Monday, Jul. 04, 1977

Savaging a Comrade

If Leonid Brezhnev in Paris grumbled about the U.S., that was nothing compared with the tongue-lashing administered by the Kremlin to fellow Communists in Western Europe. An unsigned 5,000-word article in New Times --a Soviet weekly devoted primarily to foreign affairs--savaged Spanish Communist Party Leader Santiago Carrillo with the kind of language normally reserved for the Chinese. He was charged with advocating "crude anti-Sovietism," making "slanderous allegations" and taking "unsavory positions."

Santiago Carrillo is probably Western Europe's most independent-minded Communist. He has, for example, openly condemned the 1968 Soviet invasion of Czechoslovakia. Hence Moscow's attack on him did not come as a great surprise, although the force of it was. The target of the New Times article was Carrillo's new book. Eurocommunism and the State, a spirited advocacy of the Eurocommunist movement, which maintains that a Marxian society can be pluralistic and independent of Moscow.
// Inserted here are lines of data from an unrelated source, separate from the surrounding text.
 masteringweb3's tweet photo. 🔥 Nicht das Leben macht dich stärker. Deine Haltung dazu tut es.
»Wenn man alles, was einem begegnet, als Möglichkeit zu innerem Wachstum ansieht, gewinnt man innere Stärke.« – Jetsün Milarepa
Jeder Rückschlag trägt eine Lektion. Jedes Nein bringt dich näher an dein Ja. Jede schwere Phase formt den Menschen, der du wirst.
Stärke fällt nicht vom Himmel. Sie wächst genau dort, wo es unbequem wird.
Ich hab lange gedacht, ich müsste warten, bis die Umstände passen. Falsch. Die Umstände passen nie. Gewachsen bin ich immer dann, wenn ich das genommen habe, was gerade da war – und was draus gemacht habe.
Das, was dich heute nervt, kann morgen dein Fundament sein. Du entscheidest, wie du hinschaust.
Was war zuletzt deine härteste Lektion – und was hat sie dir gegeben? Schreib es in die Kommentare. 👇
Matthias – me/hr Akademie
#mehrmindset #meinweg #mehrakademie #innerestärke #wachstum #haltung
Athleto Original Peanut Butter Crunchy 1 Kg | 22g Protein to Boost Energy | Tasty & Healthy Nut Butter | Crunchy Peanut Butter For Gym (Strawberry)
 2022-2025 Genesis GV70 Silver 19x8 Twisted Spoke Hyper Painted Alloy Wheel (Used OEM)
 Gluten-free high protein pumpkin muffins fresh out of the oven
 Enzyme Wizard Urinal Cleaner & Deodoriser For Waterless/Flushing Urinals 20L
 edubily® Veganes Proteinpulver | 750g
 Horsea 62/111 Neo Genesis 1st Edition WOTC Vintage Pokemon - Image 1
One Communism. In what may be the first official recognition of the term Eurocommunism by Moscow's ideologues. New Times argues that the movement is an invention of "bourgeois theorists ... There is only one Communism--namely that whose foundations were laid by Marx, Engels and Lenin and whose principles are adhered to by the present-day [Soviet-led] Communist movement."
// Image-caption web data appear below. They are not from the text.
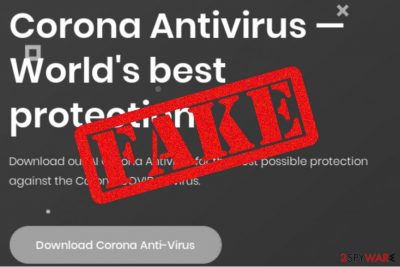 BlackNET malware spread via fake Corona antivirus tool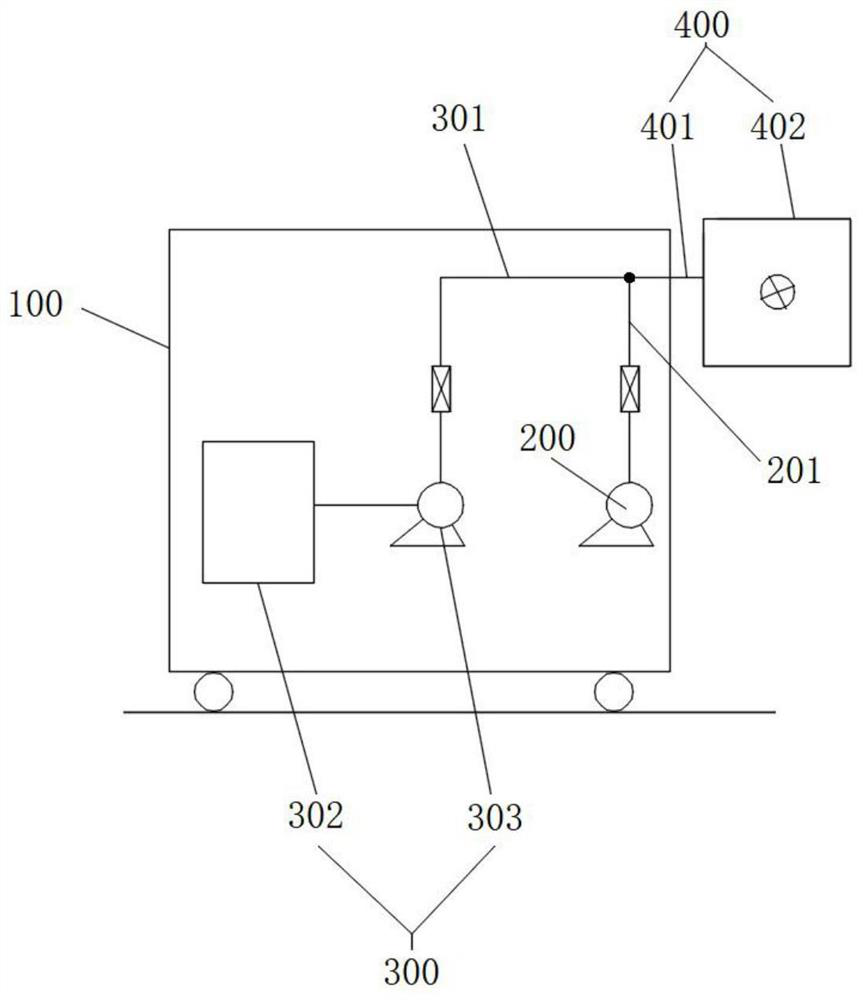 Mobile workstation and method for killing novel corona-virus in refrigerated container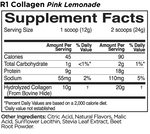 R1 Collagen Peptides Collagen Rule One Size: 28 Servings Flavor: Unflavored, Pink Lemonade, Peach Mango, Frozen Banana, Chocolate Fudge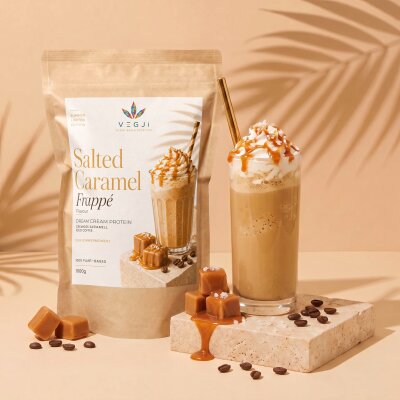 VEGJi Dream Cream Protein - 1000g Salted Caramel...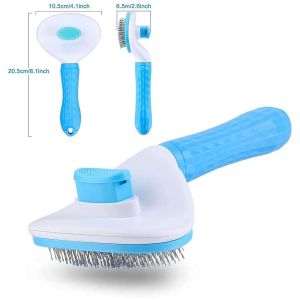 Antibacterial Slicker PET Cleaning Brush Pets Self Clean For Dog Hair Shedding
Spain's Communist leaders remained unruffled. For one thing, such attacks from Moscow seem to confirm Carrillo's independence and could thus increase his party's popularity among Spanish voters. For another, as Party Spokesman Angel Mullor explained, the article "has not surprised us in any way. What is lamentable is that it shows the inability of its authors [to discuss] these themes without prejudice and obstinate dogma."